## AIM OF THE TASK:
Write the listing out again exactly as it stands, with no images.
** Opening DATA EXTRACT block **
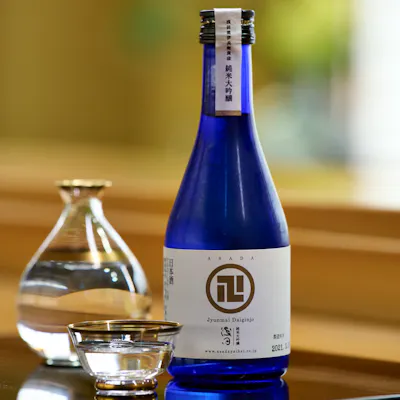 日本酒15種以上、ワイン20種以上をご用意
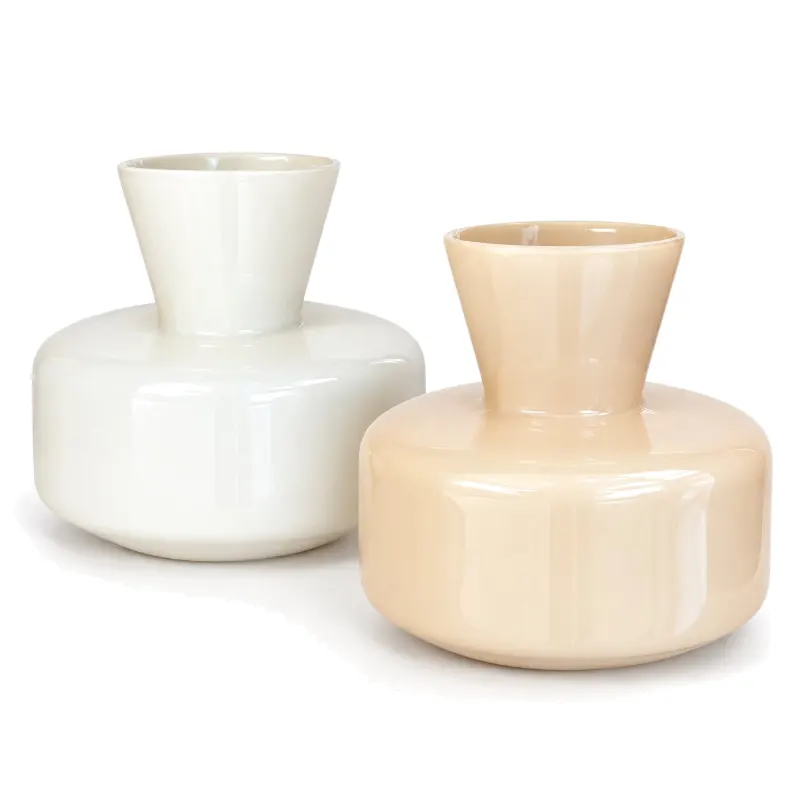 Beau Natural Brown Mix Neck Sphere Vase
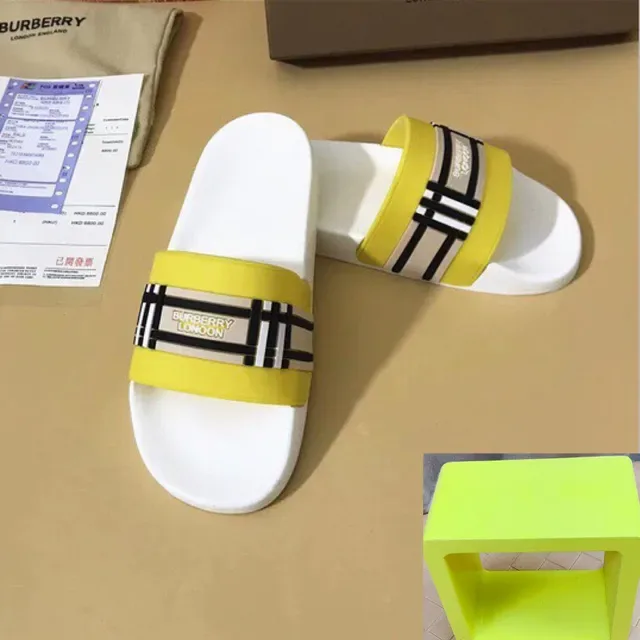 Burberry Slide Sandálias Amarelas Brancas Fita Larga 6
** Closing DATA EXTRACT block **
## RESULT OF THE TASK:
 日本酒15種以上、ワイン20種以上をご用意
 Beau Natural Brown Mix Neck Sphere Vase
 Burberry Slide Sandálias Amarelas Brancas Fita Larga 6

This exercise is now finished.